(Guest post by Greg Forster)
I don’t know about you, but I really dug the Year of School Choice. Let’s have another one! OCPA carries my latest:
There is no wrong time to do the right thing. But 2022 is also shaping up to provide unique opportunities to those who waited long for justice. Parents and voters are making their support clear. The excuse that we can’t do the right thing because it’s too politically difficult, while never especially savory, has now become positively untenable. If not now, when?
This year, 18 states enacted or expanded 30 programs. And there’s no reason to think the momentum is spent. On the contrary, the major factors that made 2021 a banner year are still going strong:
The pandemic is one reason so many new and expanded school choice programs were enacted in 2021. Starting when the pandemic hit in early 2020, the government school monopoly consistently ignored the wishes of parents and the best interests of children in order to do whatever served the whims of the system’s various political constituencies. The bottomless selfishness of the educational special interests, like teacher and staff unions, competed for public opprobrium with the spineless impotence and disarray of the school boards and other governing authorities whose job it was to rein the special interests in.

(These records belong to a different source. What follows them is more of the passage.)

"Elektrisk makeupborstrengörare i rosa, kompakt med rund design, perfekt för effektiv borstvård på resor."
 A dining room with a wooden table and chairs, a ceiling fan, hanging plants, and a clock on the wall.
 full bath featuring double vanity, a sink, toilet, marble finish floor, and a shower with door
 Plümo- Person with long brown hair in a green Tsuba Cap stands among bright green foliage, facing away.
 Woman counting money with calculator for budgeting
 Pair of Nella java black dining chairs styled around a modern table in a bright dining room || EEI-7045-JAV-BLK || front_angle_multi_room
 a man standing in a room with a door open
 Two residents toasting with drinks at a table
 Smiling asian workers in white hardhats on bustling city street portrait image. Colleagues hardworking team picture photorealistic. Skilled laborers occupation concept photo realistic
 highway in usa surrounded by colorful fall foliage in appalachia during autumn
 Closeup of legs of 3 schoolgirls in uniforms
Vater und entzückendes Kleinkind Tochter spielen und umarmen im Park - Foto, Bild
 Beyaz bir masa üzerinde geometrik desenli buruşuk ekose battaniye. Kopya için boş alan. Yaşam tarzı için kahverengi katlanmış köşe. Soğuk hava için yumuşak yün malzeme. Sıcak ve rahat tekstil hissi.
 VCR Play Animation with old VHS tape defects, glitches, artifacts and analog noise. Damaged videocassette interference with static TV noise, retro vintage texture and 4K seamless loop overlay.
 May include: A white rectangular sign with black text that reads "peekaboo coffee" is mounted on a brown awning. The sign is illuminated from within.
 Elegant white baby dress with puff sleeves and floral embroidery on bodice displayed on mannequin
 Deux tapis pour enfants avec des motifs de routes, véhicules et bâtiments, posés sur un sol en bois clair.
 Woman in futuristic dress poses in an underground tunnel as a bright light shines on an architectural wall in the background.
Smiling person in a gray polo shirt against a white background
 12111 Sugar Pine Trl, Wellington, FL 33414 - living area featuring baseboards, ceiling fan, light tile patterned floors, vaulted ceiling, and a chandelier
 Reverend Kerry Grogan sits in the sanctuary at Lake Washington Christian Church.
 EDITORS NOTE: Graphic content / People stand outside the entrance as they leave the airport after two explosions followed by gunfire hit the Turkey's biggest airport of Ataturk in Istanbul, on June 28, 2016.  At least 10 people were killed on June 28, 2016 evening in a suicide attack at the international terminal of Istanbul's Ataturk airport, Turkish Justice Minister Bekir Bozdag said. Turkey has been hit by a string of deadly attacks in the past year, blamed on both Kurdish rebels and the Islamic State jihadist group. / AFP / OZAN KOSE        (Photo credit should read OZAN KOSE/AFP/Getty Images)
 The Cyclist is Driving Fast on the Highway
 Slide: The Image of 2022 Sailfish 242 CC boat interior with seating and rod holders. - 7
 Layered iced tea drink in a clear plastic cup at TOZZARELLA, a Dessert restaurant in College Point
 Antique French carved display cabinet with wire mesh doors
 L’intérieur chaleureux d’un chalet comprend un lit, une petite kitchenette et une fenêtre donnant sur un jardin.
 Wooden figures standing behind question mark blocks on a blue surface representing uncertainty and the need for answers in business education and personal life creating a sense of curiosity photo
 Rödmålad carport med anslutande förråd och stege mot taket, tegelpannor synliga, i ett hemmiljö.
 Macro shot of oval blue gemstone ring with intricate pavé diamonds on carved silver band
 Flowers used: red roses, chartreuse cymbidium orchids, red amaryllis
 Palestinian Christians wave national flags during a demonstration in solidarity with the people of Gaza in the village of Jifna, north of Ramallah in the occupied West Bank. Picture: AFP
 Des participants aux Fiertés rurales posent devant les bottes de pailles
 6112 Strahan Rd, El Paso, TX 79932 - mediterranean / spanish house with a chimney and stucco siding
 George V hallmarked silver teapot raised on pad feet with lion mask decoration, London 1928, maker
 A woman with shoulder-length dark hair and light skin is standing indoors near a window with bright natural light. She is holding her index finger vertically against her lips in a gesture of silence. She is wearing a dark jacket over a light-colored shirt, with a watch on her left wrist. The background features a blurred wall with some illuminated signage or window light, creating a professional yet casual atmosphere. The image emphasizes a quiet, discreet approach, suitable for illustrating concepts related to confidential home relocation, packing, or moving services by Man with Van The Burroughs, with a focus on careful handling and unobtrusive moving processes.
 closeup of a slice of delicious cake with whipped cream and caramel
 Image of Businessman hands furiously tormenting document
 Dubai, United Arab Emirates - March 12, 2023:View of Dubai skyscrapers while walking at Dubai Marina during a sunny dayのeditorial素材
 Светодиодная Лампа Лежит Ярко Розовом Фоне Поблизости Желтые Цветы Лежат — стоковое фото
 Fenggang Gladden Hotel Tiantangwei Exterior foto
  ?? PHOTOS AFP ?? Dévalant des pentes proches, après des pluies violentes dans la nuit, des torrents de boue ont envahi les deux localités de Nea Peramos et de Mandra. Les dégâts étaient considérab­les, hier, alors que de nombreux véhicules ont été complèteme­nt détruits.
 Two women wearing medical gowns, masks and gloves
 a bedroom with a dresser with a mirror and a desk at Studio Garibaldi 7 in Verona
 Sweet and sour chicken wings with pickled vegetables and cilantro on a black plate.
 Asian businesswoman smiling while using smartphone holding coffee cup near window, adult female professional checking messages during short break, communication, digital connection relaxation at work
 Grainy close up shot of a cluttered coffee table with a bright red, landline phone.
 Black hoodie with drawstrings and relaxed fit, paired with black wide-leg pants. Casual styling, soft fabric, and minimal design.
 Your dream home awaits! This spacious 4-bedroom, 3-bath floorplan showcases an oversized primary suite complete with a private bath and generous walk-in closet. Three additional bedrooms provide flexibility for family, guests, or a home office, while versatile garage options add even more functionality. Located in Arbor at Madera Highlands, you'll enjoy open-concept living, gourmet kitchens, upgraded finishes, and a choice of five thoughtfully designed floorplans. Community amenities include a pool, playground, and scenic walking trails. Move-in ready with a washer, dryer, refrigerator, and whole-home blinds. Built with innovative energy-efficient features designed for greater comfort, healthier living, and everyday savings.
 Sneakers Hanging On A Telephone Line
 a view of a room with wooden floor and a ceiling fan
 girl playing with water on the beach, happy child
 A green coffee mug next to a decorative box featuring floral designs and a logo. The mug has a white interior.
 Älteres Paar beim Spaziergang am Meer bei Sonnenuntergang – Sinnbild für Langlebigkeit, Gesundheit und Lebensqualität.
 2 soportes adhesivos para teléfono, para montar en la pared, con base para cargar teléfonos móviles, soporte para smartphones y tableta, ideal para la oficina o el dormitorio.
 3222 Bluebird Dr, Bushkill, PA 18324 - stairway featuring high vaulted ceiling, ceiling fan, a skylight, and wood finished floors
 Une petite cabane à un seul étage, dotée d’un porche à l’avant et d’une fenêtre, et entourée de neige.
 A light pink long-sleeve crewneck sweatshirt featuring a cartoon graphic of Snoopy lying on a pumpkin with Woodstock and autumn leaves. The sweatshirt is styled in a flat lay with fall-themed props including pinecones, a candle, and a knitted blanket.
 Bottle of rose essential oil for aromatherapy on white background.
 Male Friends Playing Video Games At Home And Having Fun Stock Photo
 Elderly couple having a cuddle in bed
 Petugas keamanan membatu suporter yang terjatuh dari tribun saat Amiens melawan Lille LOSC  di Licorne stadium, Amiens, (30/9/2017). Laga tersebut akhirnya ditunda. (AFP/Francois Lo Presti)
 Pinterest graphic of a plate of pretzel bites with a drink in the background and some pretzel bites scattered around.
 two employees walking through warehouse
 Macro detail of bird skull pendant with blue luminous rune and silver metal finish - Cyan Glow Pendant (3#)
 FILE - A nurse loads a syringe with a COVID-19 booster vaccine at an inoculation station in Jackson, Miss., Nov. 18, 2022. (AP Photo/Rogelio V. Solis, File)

A sharp increase in polarization over the teaching of history and civics in 2020 also set the stage for school choice to begin triumphing in 2021. Large numbers of parents lost confidence that the government school monopoly could be trusted to teach the classic liberal principles that undergird our social order committed to universal human rights and constitutional democracy under the rule of law. Contributing factors included a sudden new prominence of extreme illiberal ideologies, and the willingness of mainstream institutions to airbrush away, or even to justify openly, violent lawlessness. (When you do it, it’s a “riot” or an “insurrection,” but when I do it, it’s a “fiery but mostly peaceful protest” or an “autonomous zone.”)
As the nation was debating COVID masks, for millions of Americans it was a different kind of mask that came off the government school monopoly. Parents were not exactly naïve about the government school monopoly going in; Americans had fewer illusions about the system at the start of 2020 than in 1980 or even in 2000. But from the sudden and sharp turn in public opinion during the year, it seems they hadn’t yet realized how bad things were.
Capitalize on the momentum of this blog post by letting me know what you think!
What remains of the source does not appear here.